1. Gradient descent, distance to a solution
2. Gradient descent, function value accuracy
3. Function values: numerical proof simplification
4. Using SymPy for the distance analysis
5. Using SymPy for the function value accuracy analysis
6. Using symbolic regression (PySR)

1. Gradient descent, distance to a solution 

We start by a direct attempt: fix class parameters \(L,\mu\) (chosen above) and experiment with different step size values \(\gamma\). Verify that the obtained convergence rate is indeed smaller than one only when \(\gamma\in\left(0,\frac{2}{L}\right)\). Further verify that it matches the very well-known \(\max\{(1-\gamma L)^2,(1-\gamma\mu)^2\}\).

def wc_gradient_descent_distance(mu,L,gamma, verbose):
    # Instantiate PEP
    problem = PEP()

    # Declare a smooth convex function
    f = problem.declare_function(SmoothStronglyConvexFunction, L=L, mu=mu)
    
    # Start by defining its unique optimal point xs = x_* and corresponding function value fs = f_*
    xs = f.stationary_point()
    fs = f(xs)
    
    # Then define the starting point x0 of the algorithm
    x0 = problem.set_initial_point()
    
    # Set the initial constraint that is the distance between x0 and x^*
    problem.set_initial_condition((x0 - xs) ** 2 <= 1)
    
    # Run n steps of the GD method
    x1 = x0 - gamma * f.gradient(x0)
    
    # Set the performance metric to the function values accuracy
    problem.set_performance_metric( (x1 - xs) ** 2 )
    
    # Solve the PEP
    pepit_verbose = max(verbose, 0)
    pepit_tau = problem.solve(verbose=pepit_verbose)
    
    return pepit_tau, problem._list_of_prepared_constraints # outputs optimal value and list of constraints (with their associated dual variables)
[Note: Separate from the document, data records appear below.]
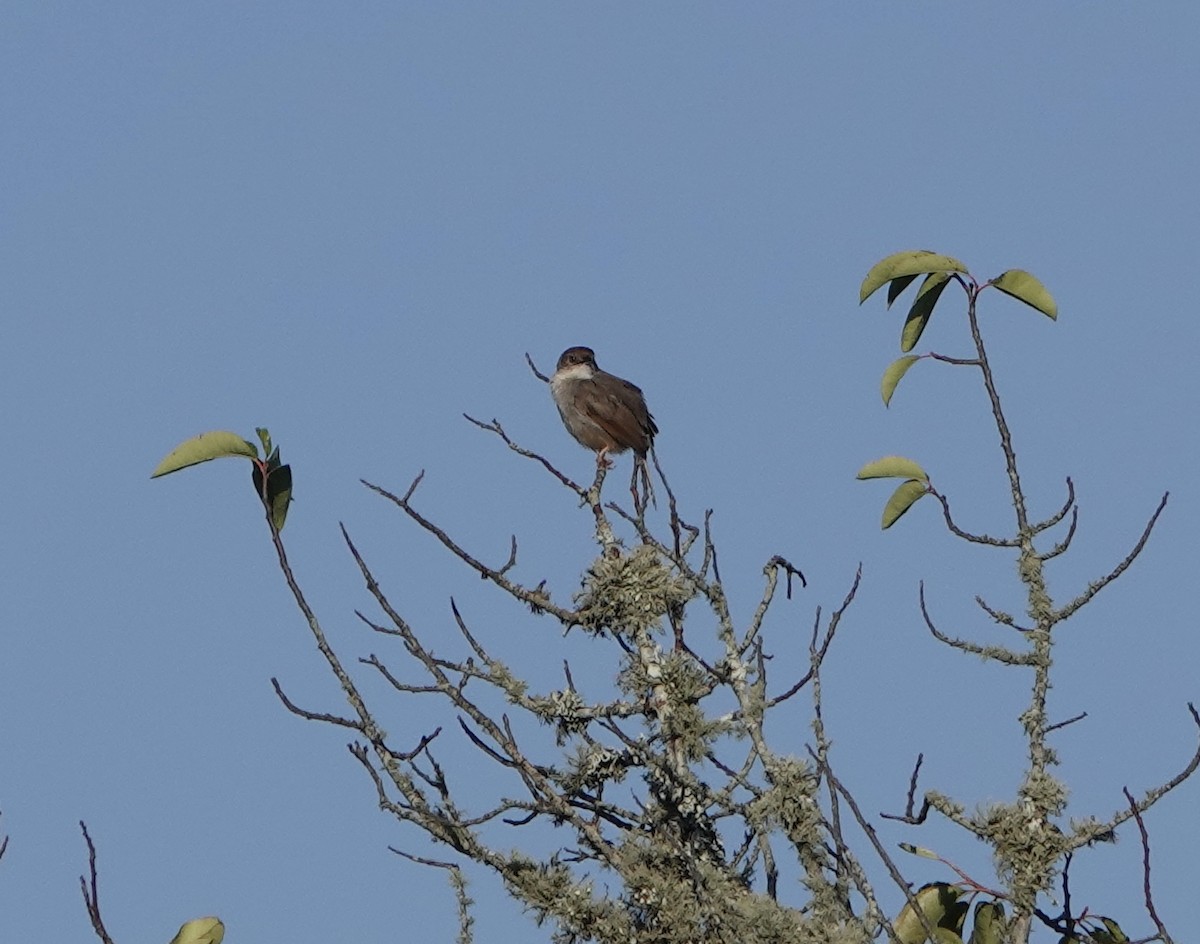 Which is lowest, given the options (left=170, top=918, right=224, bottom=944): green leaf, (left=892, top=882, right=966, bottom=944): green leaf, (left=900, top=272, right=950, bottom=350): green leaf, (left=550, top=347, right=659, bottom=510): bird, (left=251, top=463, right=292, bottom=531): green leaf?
(left=170, top=918, right=224, bottom=944): green leaf

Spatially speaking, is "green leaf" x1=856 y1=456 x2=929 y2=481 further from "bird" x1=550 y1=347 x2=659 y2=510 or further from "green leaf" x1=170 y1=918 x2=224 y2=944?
"bird" x1=550 y1=347 x2=659 y2=510

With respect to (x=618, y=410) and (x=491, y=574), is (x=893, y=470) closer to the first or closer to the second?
(x=491, y=574)

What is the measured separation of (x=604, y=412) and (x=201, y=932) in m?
7.66

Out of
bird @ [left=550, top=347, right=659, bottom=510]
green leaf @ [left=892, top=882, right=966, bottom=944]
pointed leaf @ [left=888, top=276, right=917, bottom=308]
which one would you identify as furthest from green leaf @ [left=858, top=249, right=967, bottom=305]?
Answer: bird @ [left=550, top=347, right=659, bottom=510]

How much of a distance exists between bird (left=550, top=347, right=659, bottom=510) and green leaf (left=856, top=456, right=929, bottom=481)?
19.6 ft

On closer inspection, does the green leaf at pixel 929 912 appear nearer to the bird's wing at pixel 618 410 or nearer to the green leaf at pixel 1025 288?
the green leaf at pixel 1025 288

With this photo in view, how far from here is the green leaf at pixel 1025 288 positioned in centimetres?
504

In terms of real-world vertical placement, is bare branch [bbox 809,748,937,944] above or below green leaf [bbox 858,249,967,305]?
below

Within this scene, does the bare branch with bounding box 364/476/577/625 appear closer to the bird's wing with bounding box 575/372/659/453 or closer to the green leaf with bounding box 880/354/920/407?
the green leaf with bounding box 880/354/920/407

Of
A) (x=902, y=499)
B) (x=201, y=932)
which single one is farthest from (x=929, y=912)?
(x=201, y=932)

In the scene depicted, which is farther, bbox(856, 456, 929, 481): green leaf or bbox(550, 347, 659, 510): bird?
bbox(550, 347, 659, 510): bird

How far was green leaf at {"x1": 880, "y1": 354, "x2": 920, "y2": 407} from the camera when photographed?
5180 millimetres

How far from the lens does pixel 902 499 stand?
5.34 m

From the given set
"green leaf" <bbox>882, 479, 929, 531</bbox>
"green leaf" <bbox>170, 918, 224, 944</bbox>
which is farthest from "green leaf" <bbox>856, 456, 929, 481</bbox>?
"green leaf" <bbox>170, 918, 224, 944</bbox> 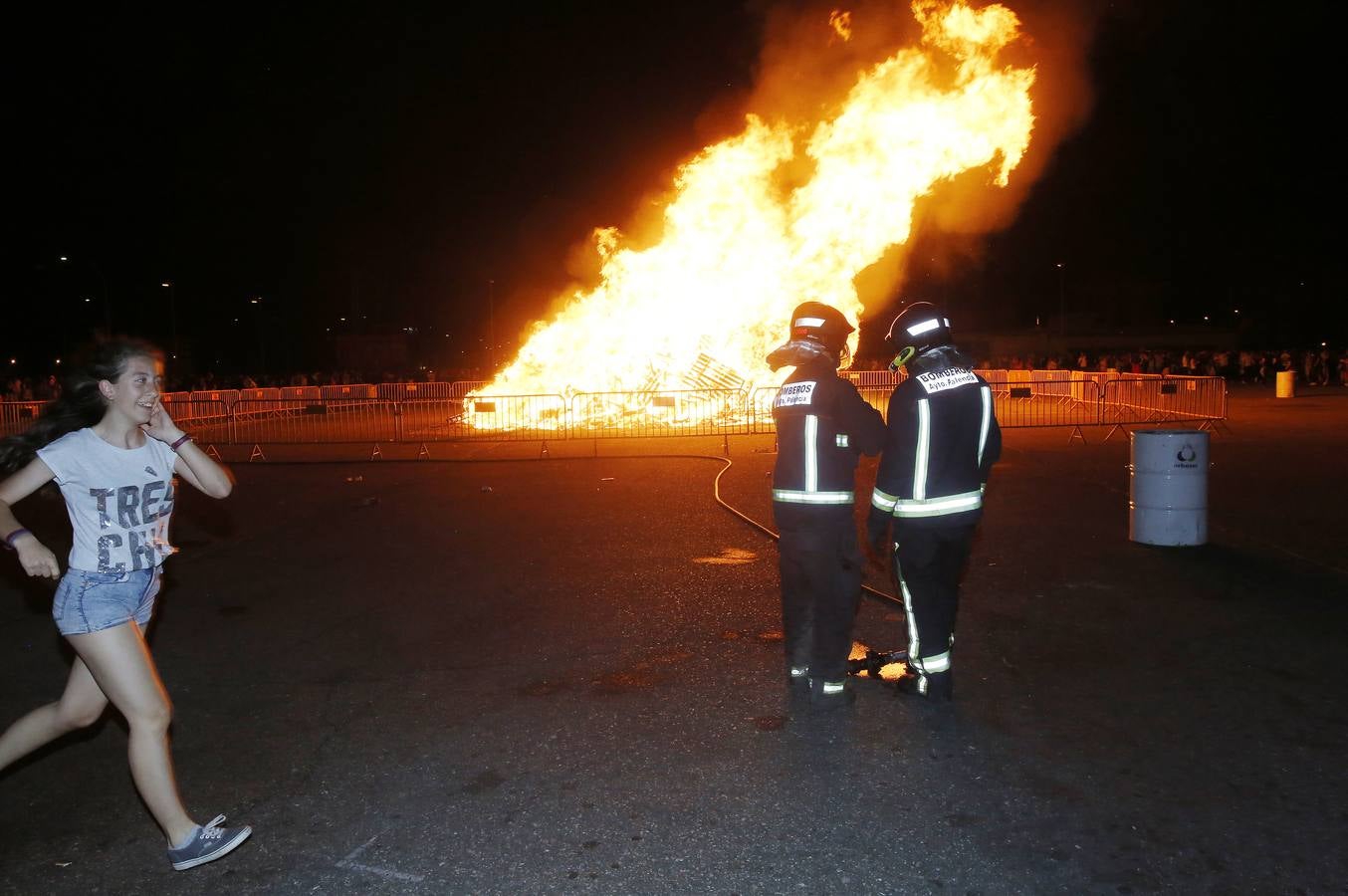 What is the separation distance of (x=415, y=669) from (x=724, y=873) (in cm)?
285

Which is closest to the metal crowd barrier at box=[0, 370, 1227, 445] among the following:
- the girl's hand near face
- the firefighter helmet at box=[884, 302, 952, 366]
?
A: the firefighter helmet at box=[884, 302, 952, 366]

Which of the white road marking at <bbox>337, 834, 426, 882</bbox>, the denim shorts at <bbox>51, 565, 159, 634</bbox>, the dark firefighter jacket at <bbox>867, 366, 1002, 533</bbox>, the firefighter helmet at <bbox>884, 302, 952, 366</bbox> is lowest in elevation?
the white road marking at <bbox>337, 834, 426, 882</bbox>

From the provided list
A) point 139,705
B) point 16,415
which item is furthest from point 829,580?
point 16,415

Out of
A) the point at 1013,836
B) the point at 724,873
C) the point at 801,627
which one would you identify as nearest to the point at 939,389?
the point at 801,627

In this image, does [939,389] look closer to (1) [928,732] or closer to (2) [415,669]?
(1) [928,732]

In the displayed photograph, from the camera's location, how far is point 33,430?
3.60 meters

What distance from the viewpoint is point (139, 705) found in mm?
3389

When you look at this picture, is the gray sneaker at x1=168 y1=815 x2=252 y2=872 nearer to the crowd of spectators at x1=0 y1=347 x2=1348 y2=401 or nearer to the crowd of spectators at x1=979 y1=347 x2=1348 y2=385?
the crowd of spectators at x1=0 y1=347 x2=1348 y2=401

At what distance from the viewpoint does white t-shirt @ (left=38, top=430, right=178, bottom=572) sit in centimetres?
342

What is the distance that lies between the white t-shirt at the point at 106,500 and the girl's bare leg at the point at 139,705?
248 mm

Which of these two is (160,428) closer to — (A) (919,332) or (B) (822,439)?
(B) (822,439)

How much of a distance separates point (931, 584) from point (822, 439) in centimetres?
89

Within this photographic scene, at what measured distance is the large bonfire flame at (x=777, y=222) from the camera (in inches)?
682

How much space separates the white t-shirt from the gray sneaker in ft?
3.22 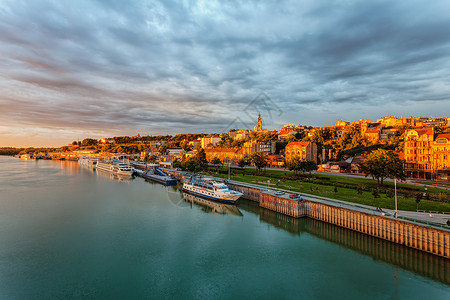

The following pieces of code compute and plot the numerical worst-case guarantees as a function of the tested step size value \(\gamma\), for fixed \(\mu,L\).

verbose = 0

gamma_min, gamma_max = -1, 3
nb_gammas = 50
gamma_list = np.linspace(gamma_min,gamma_max,nb_gammas)

pepit_worst_case_value = list()
known_worst_case_value = list()

for gamma in gamma_list:
    pepit_tau, _ = wc_gradient_descent_distance(mu,L,gamma, verbose)
    pepit_worst_case_value.append(pepit_tau)
    known_worst_case_value.append(max((1-gamma*L)**2,(1-gamma*mu)**2))

plt.plot(gamma_list, pepit_worst_case_value, color='red', linestyle='-', linewidth=3, label='PEPit')

plt.plot(gamma_list, known_worst_case_value, color='blue', linestyle='--', linewidth=2, label='Known')

plt.legend()
plt.xlabel(r'$\gamma$')
plt.ylabel(r'$\frac{\|x_1 - x_\star\|^2}{\|x_0 - x_\star\|^2}$')

plt.show()

../_images/4d7d6f41f3fc2f8ddb739f728592d1f9d08e3643b30e5e028f5c25d0b9053402.png

One can admit that the match between PEPit’s results and the known convergence rate is pretty good. For completeness, let us also extract the dual variables. The next lines examplify how to do this extraction for given values of the parameters, and we integrate it in a loop for plotting below.

verbose = 0
gamma = 1/L

pepit_tau, list_of_constraints = wc_gradient_descent_distance(mu,L,gamma, verbose)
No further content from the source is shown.